[[ Data extract, beginning ]]

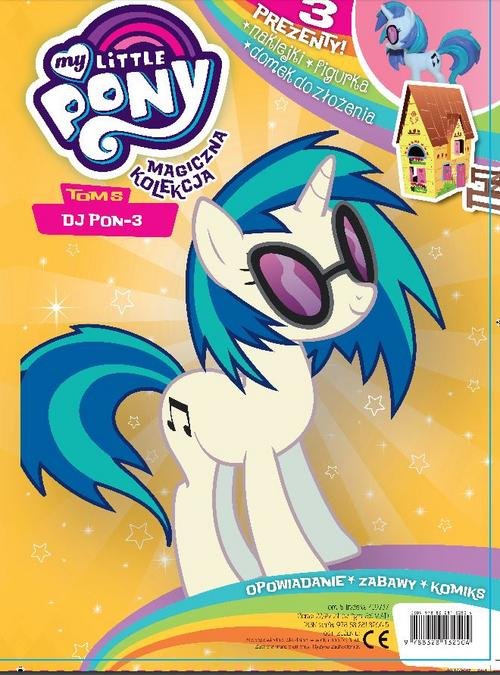 Image of Magiczna Kolekcja My Little Pony 5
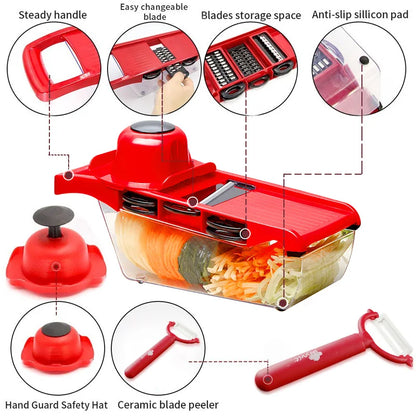 Swift Vegetable Cutter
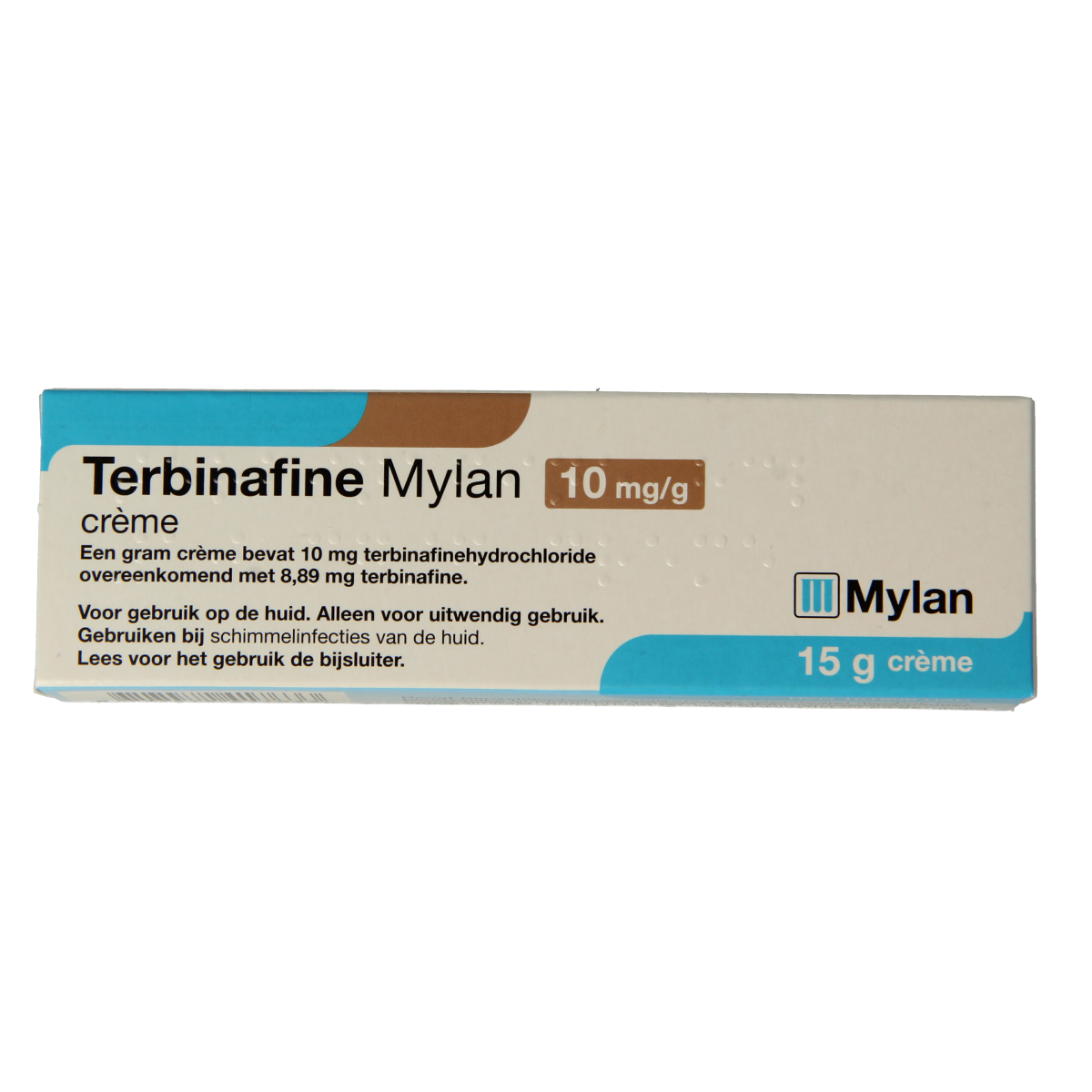 Mylan Terbinafine creme 15 gram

[[ Data extract, end ]]

How to complete this task: The material above must be reproduced line for line, with the images omitted.

Answer space:
 Image of Magiczna Kolekcja My Little Pony 5
 Swift Vegetable Cutter
 Mylan Terbinafine creme 15 gram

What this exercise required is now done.